Wie hat Virkus den Kader verändert?
Die Kaderveränderungen wirken auf den ersten Blick dramatisch: Vizeweltmeister Marcus Thuram ging zu Inter Mailand, Nationalspieler Jonas Hofmann zog es zu Bayer Leverkusen, Führungsspieler Lars Stindl kehrte in seine Heimat zurück und spielt nun wieder für den Karlsruher SC und Leistungsträger Ramy Bensebaini trägt das Trikot von Borussia Dortmund. Das Quartett hatte von den 52 Gladbacher Toren ganze 39 erzielt. Das sind 75 Prozent. Hinzu kommt noch, dass der fünftbeste Torschütze der Vorsaison, Innenverteidiger Nico Elvedi, auch noch vor dem Absprung steht. Viele in Mönchengladbach forderten einen Umbruch im festgefahrenen Kader, der ist nun halb geplant, halb erzwungen.
Jetzt gibt es den Umbruch. Also alles richtig gemacht?
Nein. Denn die vielen ablösefreien Abgänge der vergangenen zwei Jahre - unter anderem Matthias Ginter, Thuram und Bensebaini - zeugen nicht von einem Management mit Weitblick. Und manches schien auch eher zufällig: Hofmann etwa war als Kapitän und Fixpunkt eingeplant, zog aber per Vertragsklausel nach Leverkusen weiter. Beim rheinischen Nachbarn arbeiten mit dem gebürtigen Heidelberger und Granit Xhaka nun zwei Gladbacher Sehnsuchtsspieler - das tut der Fanseele weh. Aber: Nichts heilt so schnell wie neue Erfolge.
Was macht Hoffnung für die neue Saison?
Den Wandel von Depression zu Hoffnung haben sie am Niederrhein aktuell ganz gut geschafft. Weil Team und Trainer jetzt offenbar eine neue Struktur erarbeiten, die erste Früchte trägt. Allerdings mit vielen Spielern, die noch immer eine Wundertüte sind. Das kann funktionieren, aber auch in die Hose gehen. Der Franzose Franck Honorat spielt als Hofmann-Nachfolger eine starke Vorbereitung und wollte zudem immer nach Mönchengladbach. Mit dem Tschechen Tomas Cvancara kam zudem ein echter Stoßstürmer, der Kultpotenzial hat und zuletzt beim klaren Sieg gegen den VfB Stuttgart begeisterte. Dazu kommen einige junge Spieler, die viel Potenzial mitbringen. Klar ist aber auch: Sollte es schlecht laufen, muss die neue Struktur auch eine Krise tragen können. Das steht auf dem Prüfstand. Zumal das Auftaktprogramm schwierig ist. Da drohen wenige Punkte und eine Geduldsprobe gleich zu Beginn.

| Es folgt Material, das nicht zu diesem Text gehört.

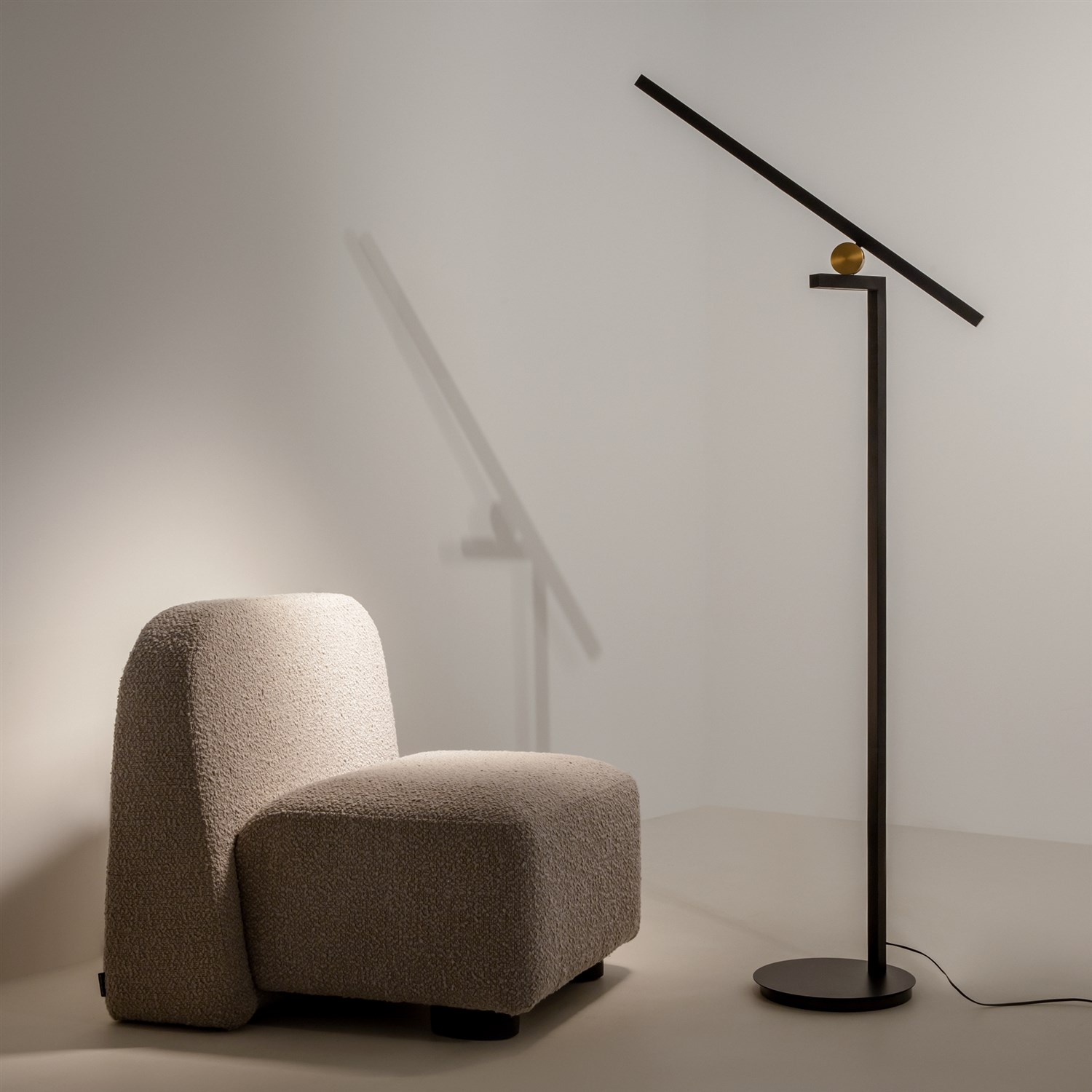 Maytoni Modern Empathy Напольный светильник (торшер) цвет: черный MOD363FL-L14B3K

Wie kommt der neue Trainer Gerardo Seoane an?
Mit Seoane ist ein Trainer da, der bislang alle beeindruckt. Kommt als Erster, geht als Letzter, stellt die Fähnchen selbst auf - das hat es lange nicht gegeben. Ohne einen starken und fordernden Trainer wird in Gladbach gerade niemand mehr glücklich. Bayer Leverkusen war unter Seoane einmal Dritter und hat den Trainer in der nachfolgenden Saison etwas verheizt, als der Kader ohne jede personelle Auffrischung auskommen sollte. Der Schweizer setzt auf eine Mischung aus hohem Pressing und längeren Ballbesitzphasen. Der Rhythmus soll variieren. Aber: Nach Ballgewinn soll der erste Blick nach vorne gehen. „Wir müssen viel schneller in die Offensive kommen und die Tiefe suchen.“ Tatsächlich lag hier Gladbachs größter Schwachpunkt: Das Team spielte viel zu langsam und zu wenig laufintensiv, war so trotz individueller Klasse auf höchstem Niveau nur bedingt konkurrenzfähig.